We find that much confusion could be alleviated by breaking down the "more or less permanent connection with a vessel" language into two separate elements. Thus, the substantial connection requirement is met where the putative seaman establishes an employment-related contribution that is (1) limited to a single vessel or group of vessels and (2) substantial in terms of its (a) duration and (b) nature. In considering whether the putative seaman's contribution is substantial in terms of its duration, the jury may consider the number and frequency of similar contributions to that vessel or to an identifiable fleet of vessels. Further, in considering whether the contribution is substantial in terms of its nature, the jury may consider the amount of time and effort spent ashore preparing for the contribution, as well as the amount and time and effort spent in drydock consummating the contribution.
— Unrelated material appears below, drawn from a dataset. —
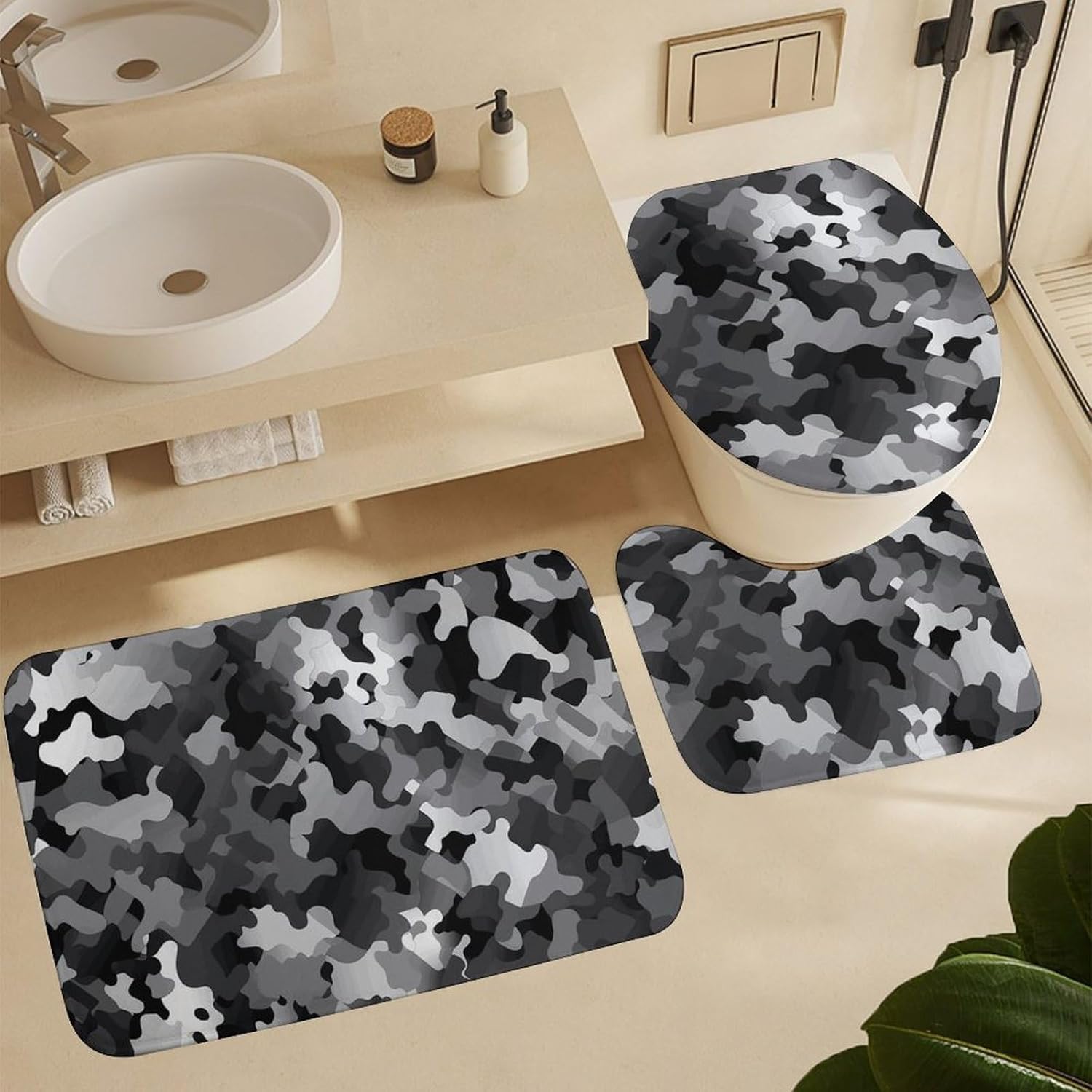 Black White Gray Camouflage Shower Curtain Set 4 Piece, Non-Slip Bath Mat with Toilet Lid Cover and Waterproof Shower Curtain with 12 Hooks, Complete Bathroom Set for Home Decor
We reiterate that after Wilander and Gizoni the test of seaman status under the Jones Act is an employment-related connection to a vessel in navigation. The test will be met where a jury finds that (1) the plaintiff contributed to the function of, or helped accomplish the mission of, a vessel; (2) the plaintiff's contribution was limited to a particular vessel or identifiable group of vessels; (3) the plaintiff's contribution was substantial in terms of its (a) duration or (b) nature; and (4) the course of the plaintiff's employment regularly exposed the plaintiff to the hazards of the sea.
In this case, the first of the foregoing criteria was stipulated to. As to the second, there is no dispute in the evidence and the verdict should accordingly be directed. The third — the substantiality element — is not only in dispute, but the evidence is not clear as to what extent Latsis's land-based and drydock work bore on (3)(b). Therefore, we instruct the trial court to frame its instructions to the jury in light of Wilander and Gizoni and other cases and opinions above referred to, not in terms of assignment to a vessel or as requiring permanency but, rather, in terms of the employment-related connection to the Chandris fleet. The jury also should be instructed that in determining what is "substantial" in terms of the duration of Latsis's contribution to the vessel or fleet of vessels, the number and frequency of similar contributions may be taken into account. Further, the jury should also be instructed that in determining what is "substantial" in terms of the nature of Latsis's contribution, Latsis's on-shore preparation should be taken into account, as well as the time Latsis spent in drydock in Bremerhaven, Germany consummating his contribution. Finally, the jury should also be instructed to determine whether the course of Latsis's employment regularly exposed him to the hazards of the sea. As to the proof of these matters, the putative seaman of course has the burden.
Judgment vacated, case remanded for retrial with instructions to the jury in accordance with this opinion.
I respectfully dissent.
Though I agree that the four criteria articulated by the majority ante at 57 should govern the determination of whether an employee is a "seaman" within the meaning of the Jones Act, even under that formulation I am unpersuaded that the non-dry-dock part of the district court's instructions, to which Latsis made no objection, constituted "plain" error. Further, I am unpersuaded that the district judge erred in instructing the jury that, in determining whether plaintiff Latsis was a seaman, it should disregard the period during which the Galileo was in dry dock. The Jones Act concept of "`seaman'" contains a "land-based/sea-based distinction." McDermott International, Inc. v. Wilander, 498 U.S. 337, 354, 111 S.Ct. 807, 817, 112 L.Ed.2d 866 (1991). The 65 million-dollar dry-dock conversion and reconstruction of the Galileo was unquestionably a land-based activity. In my view, this part of the instructions — the only part to which Latsis objected — was correct.
Accordingly, since in my view the only portion of the instructions to which Latsis objected was not erroneous, and since the remainder of the instructions did not constitute plain error, I would affirm.